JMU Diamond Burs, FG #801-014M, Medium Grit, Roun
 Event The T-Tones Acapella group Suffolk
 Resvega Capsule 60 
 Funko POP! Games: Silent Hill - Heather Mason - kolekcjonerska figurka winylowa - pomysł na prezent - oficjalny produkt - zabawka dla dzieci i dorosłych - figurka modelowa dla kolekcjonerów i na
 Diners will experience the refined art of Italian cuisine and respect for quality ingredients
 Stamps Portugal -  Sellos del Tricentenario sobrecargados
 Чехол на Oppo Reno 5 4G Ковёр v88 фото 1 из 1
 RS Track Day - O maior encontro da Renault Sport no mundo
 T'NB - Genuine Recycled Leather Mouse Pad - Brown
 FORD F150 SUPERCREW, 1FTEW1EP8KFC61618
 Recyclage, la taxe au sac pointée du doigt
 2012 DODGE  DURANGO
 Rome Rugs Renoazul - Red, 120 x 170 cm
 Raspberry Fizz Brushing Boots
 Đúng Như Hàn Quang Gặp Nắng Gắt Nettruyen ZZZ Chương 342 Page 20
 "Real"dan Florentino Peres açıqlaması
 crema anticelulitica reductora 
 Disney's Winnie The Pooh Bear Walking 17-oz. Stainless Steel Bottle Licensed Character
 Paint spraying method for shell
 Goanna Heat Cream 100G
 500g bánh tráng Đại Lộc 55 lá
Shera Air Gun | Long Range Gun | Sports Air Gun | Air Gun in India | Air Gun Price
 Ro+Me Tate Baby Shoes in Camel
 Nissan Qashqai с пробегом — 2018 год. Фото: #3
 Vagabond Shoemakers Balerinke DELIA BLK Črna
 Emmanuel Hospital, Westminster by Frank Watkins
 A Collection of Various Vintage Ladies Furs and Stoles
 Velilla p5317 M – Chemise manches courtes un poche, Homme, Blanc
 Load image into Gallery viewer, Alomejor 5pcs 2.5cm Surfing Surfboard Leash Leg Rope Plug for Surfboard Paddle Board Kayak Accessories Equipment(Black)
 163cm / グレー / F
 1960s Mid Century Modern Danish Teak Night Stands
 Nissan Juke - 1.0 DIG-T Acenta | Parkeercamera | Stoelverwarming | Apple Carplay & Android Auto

• Problem description: Return the records above in their entirety, exactly as they appear.

• Output of the task:
JMU Diamond Burs, FG #801-014M, Medium Grit, Roun
 Event The T-Tones Acapella group Suffolk
 Resvega Capsule 60 
 Funko POP! Games: Silent Hill - Heather Mason - kolekcjonerska figurka winylowa - pomysł na prezent - oficjalny produkt - zabawka dla dzieci i dorosłych - figurka modelowa dla kolekcjonerów i na
 Diners will experience the refined art of Italian cuisine and respect for quality ingredients
 Stamps Portugal -  Sellos del Tricentenario sobrecargados
 Чехол на Oppo Reno 5 4G Ковёр v88 фото 1 из 1
 RS Track Day - O maior encontro da Renault Sport no mundo
 T'NB - Genuine Recycled Leather Mouse Pad - Brown
 FORD F150 SUPERCREW, 1FTEW1EP8KFC61618
 Recyclage, la taxe au sac pointée du doigt
 2012 DODGE  DURANGO
 Rome Rugs Renoazul - Red, 120 x 170 cm
 Raspberry Fizz Brushing Boots
 Đúng Như Hàn Quang Gặp Nắng Gắt Nettruyen ZZZ Chương 342 Page 20
 "Real"dan Florentino Peres açıqlaması
 crema anticelulitica reductora 
 Disney's Winnie The Pooh Bear Walking 17-oz. Stainless Steel Bottle Licensed Character
 Paint spraying method for shell
 Goanna Heat Cream 100G
 500g bánh tráng Đại Lộc 55 lá
Shera Air Gun | Long Range Gun | Sports Air Gun | Air Gun in India | Air Gun Price
 Ro+Me Tate Baby Shoes in Camel
 Nissan Qashqai с пробегом — 2018 год. Фото: #3
 Vagabond Shoemakers Balerinke DELIA BLK Črna
 Emmanuel Hospital, Westminster by Frank Watkins
 A Collection of Various Vintage Ladies Furs and Stoles
 Velilla p5317 M – Chemise manches courtes un poche, Homme, Blanc
 Load image into Gallery viewer, Alomejor 5pcs 2.5cm Surfing Surfboard Leash Leg Rope Plug for Surfboard Paddle Board Kayak Accessories Equipment(Black)
 163cm / グレー / F
 1960s Mid Century Modern Danish Teak Night Stands
 Nissan Juke - 1.0 DIG-T Acenta | Parkeercamera | Stoelverwarming | Apple Carplay & Android Auto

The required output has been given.